David’s expression remained unchanged. “No. Not you specifically, but the power I sensed in you as you read my palm tells me you are different, but in what manner I’m not sure.”
He guesses. Do not be alarmed, old one. Play with him if you wish, but do not lose him. A sanguine smile spread across Genea’s lips. “And what would you have my powers be, Mr. Wilkes? A witch, a clairvoyant, or something more sinister, a necromancer?”
“No. None of those. You’re what we call at Princeton University a RM; a Retrospect Mainliner.”

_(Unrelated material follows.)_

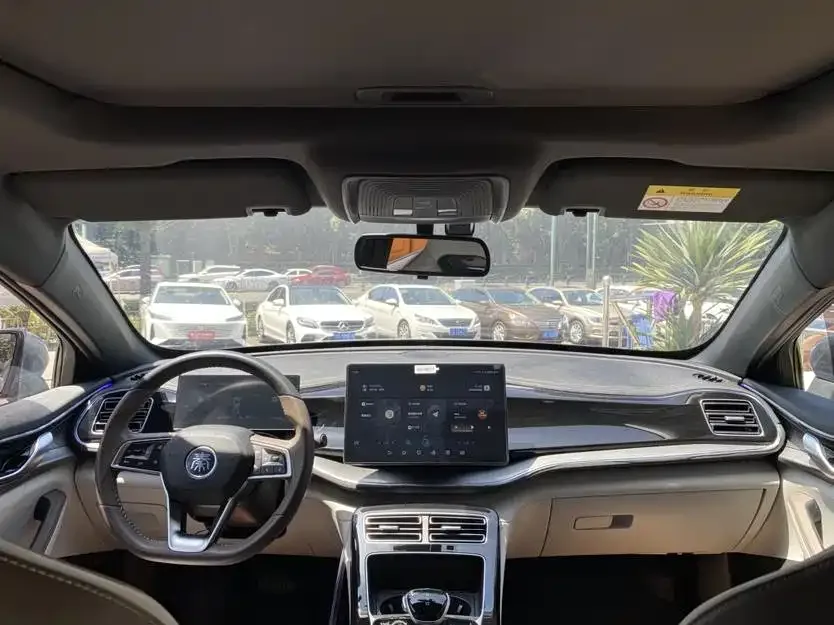 BYD Qin PLUS Qin PLUS 2023 Champion Edition DM-i 120KM Leading Edition 2023 — миниатюра 4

A puzzled look covered Genea’s face. “I know not this term, Mr. Wilkes.”
David frowned, his frustration evident. “You’re a goddamned memory addict, fortune teller, somehow getting a dopamine rush when you fixate on another’s memories. The question begs; how do you do this? Is my assumption correct concerning this or not?”
A disarming smile covered Genea’s face. “Please, Mr. Wilkes called me Genea.”
David gave a short, cursory nod. “Okay, Genea.”
“Thank you, Mr. Wilkes. I don’t wish to appear stupid nor offend, but I do not understand what you mean.”
David cleared his throat. “It’s quite simple. You crave another’s experiences, or more accurately, you derive stimulation from it, in a word a feeling of rapture. Am I close, or do you wish to pretend I’m not?”
Genea listened to the voices. Mere speculation. He knows nothing. Bring him tonight. “I wish no argument with you, Mr. Wilkes.” She looked into David’s eyes. “If I understand your words, then only a small part of what you said is true. I do feel another’s experiences, but I derive nothing from it. I do attain a certain level of personal satisfaction when I reveal insights to others, but nothing more. This is the truth, Mr. Wilkes.”
“Maybe, maybe not, but my instincts tell me you haven’t told me everything.” David studied Genea’s face. “You are hiding something, something I can’t put my finger on. But I will find out. I always do.”
“Mr. Wilkes, would you care to sit again, to prove, if for no other reason than your own satisfaction, I am simply a middle-aged woman who uses her minimal skills to sustain a meager existence?”
David hadn’t expected this. A look of confused interest covered his face.
Genea didn’t give him a chance to reply. “You may bring whomever you wish, Mr. Wilkes, your wife, your friends to make you feel comfortable while I read your palm.”
“You’re serious, aren’t you?”
Genea smiled. “Would tonight,” she pointed to the ramshackle building down the street, “be suitable, Mr. Wilkes? We could meet in my apartment.”
David turned, stared at the building, but said nothing.
“If the arrangement is not convenient, then please give me a time and place that is, Mr. Wilkes.”
David continued to stare at the building. “No, no. Your apartment will be fine.” He looked at Genea. “You don’t object to company?”
“No. I wish you relaxed and secure as possible so no doubts will linger concerning my abilities. At what time may I expect you, Mr. Wilkes?”
David rubbed his chin. “Would seven tonight be convenient?”
Yes. “My apartment is on the third floor. Address Three A. Until this evening, Mr. Wilkes.”